# Electrical Apprenticeship Aptitude test



## kmox (Mar 15, 2010)

I am getting ready to write the Ibew Electrical apprenticeship aptitude test later this month at my local hall (local 530) and was wondering what If any info is out there to study from.I am live In ontario canada, and have found Ibew study materal posted onthis site but It was from the states. Are all Ibew atitude test the same or do they differ from state to state and country to country.

Thanks in advance from any help.


----------



## running dummy (Mar 19, 2009)

I am assuming they differ slightly from state to state but i cant 100% verify that. My reccomendations are to study algebra a lot. The apititude test is to test your basic problem solving skills not necessarily electrical knowledge (thats why you are joining). Keep finding more practice aptitude tests and do as many as possible and you should be fine.


----------



## RyanB (Jul 14, 2009)

You should be able to get study material directly from the hall.


----------



## knomore (Mar 21, 2010)

The test you are going to take is the same across all JATC's. (as far as I can tell) It spans the entire curriculum that is taught to each apprentice who comes up through our apprenticeship program. It's designed to indicate at what level you are, if you test out as a journeyman then you have no problem, but if you test out as a second year you might be asked to enter the apprenticeship program at that level. 

The test itself is fairly basic, but you do need to be a electrician with some training in order to pass it. It will cover everything from tool identification, and material, to pipe bending, dc theory, ac theory, advanced ac theory (capacitative and inductive circuits), knots, hand signals, motors, transformers, wire pulling, safety, and code.

I can guarantee that no matter how much you prepare you will find yourself thinking that you don't know as much as you thought you did when you take this test. I would suggest brushing up on knots, hand signals, and your understand of series and parallel IC circuits. If your not good with motors and transformers that would be a good thing to study as well, know the formulas and construction specs... 
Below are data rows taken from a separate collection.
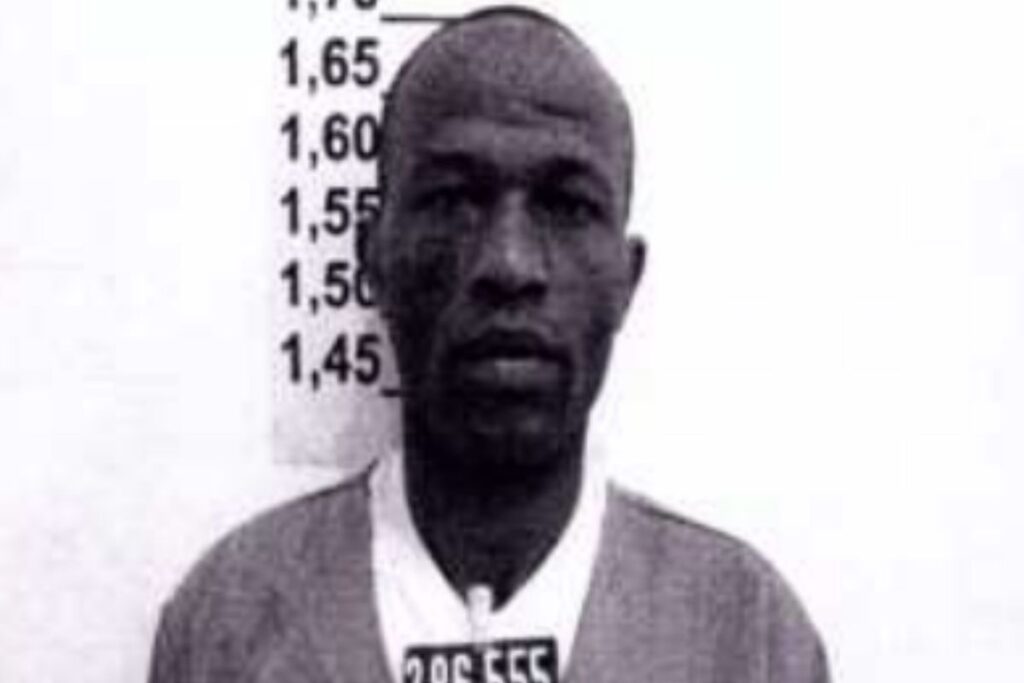 preso-que-decapitou-colega-de-cela-enforcou-outro-detento-com-lencol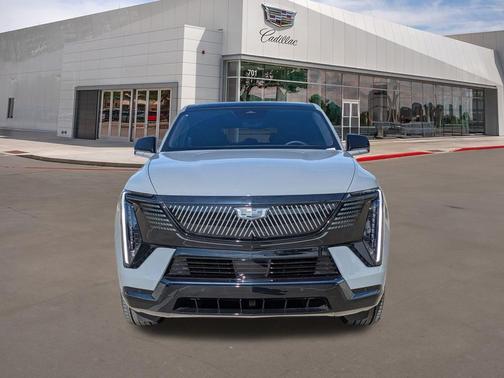 Luna Metallic 2026 Cadillac Escalade IQ Sport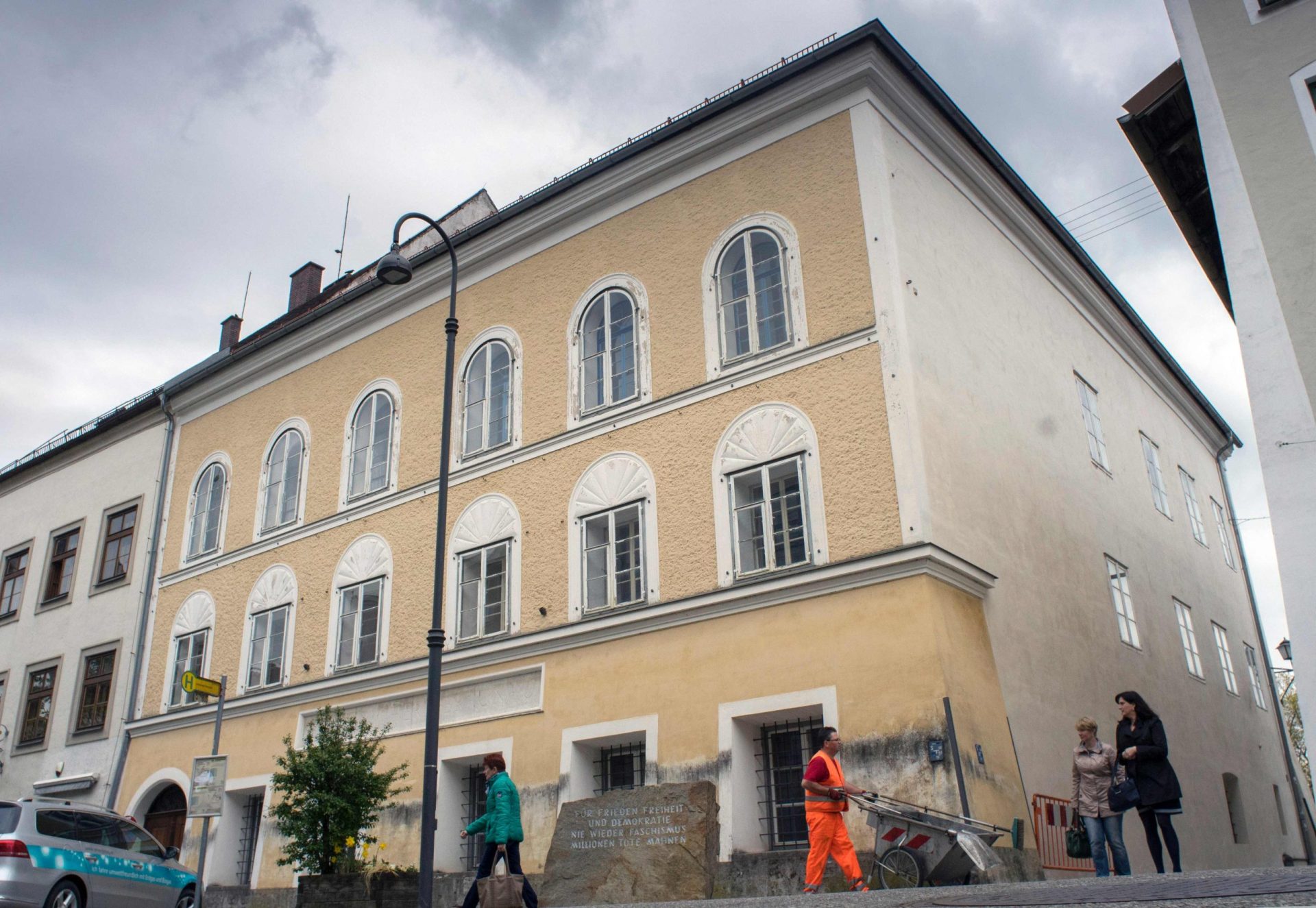 Casa onde nasceu Hitler vai ser destruída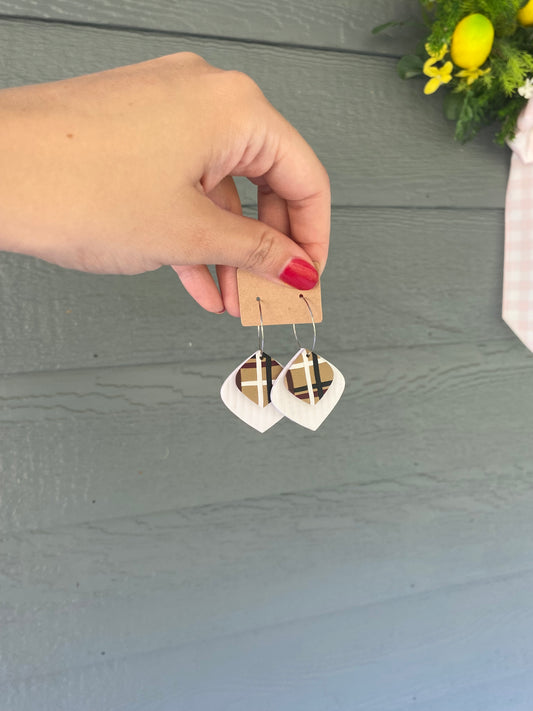 White/Plaid Teardrop Hoops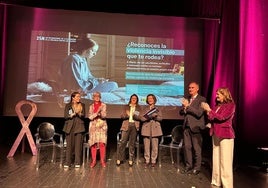 Participantes en el coloquio, junto al alcalde y la concejala de Igualdad.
The test is fairly long at roughly 400 questions, and taking almost 8 hours to complete. It's scored in a really weird way, and if you fail one section (ie. hand signals) you won't fail completely, but if you fail a whole section (ie. third year content) your boned.


----------



## lochreas (Mar 25, 2010)

knomore said:


> The test you are going to take is the same across all JATC's. (as far as I can tell) It spans the entire curriculum that is taught to each apprentice who comes up through our apprenticeship program. It's designed to indicate at what level you are, if you test out as a journeyman then you have no problem, but if you test out as a second year you might be asked to enter the apprenticeship program at that level.
> 
> The test itself is fairly basic, but you do need to be a electrician with some training in order to pass it. It will cover everything from tool identification, and material, to pipe bending, dc theory, ac theory, advanced ac theory (capacitative and inductive circuits), knots, hand signals, motors, transformers, wire pulling, safety, and code.
> 
> ...


I do believe you are talking about the Test that the Hall gives you if you already hold a license or have experience working in electrical. At least that's how it is here in Houston. You take that test and you can become a certain level of what we call IJ (intermediate journeyman) and you get a percentage of what a journeyman makes.

The test he is talking about is the aptitude test to get into the apprenticeship program and from what I've heard from other people, they should all be fairly similar.


----------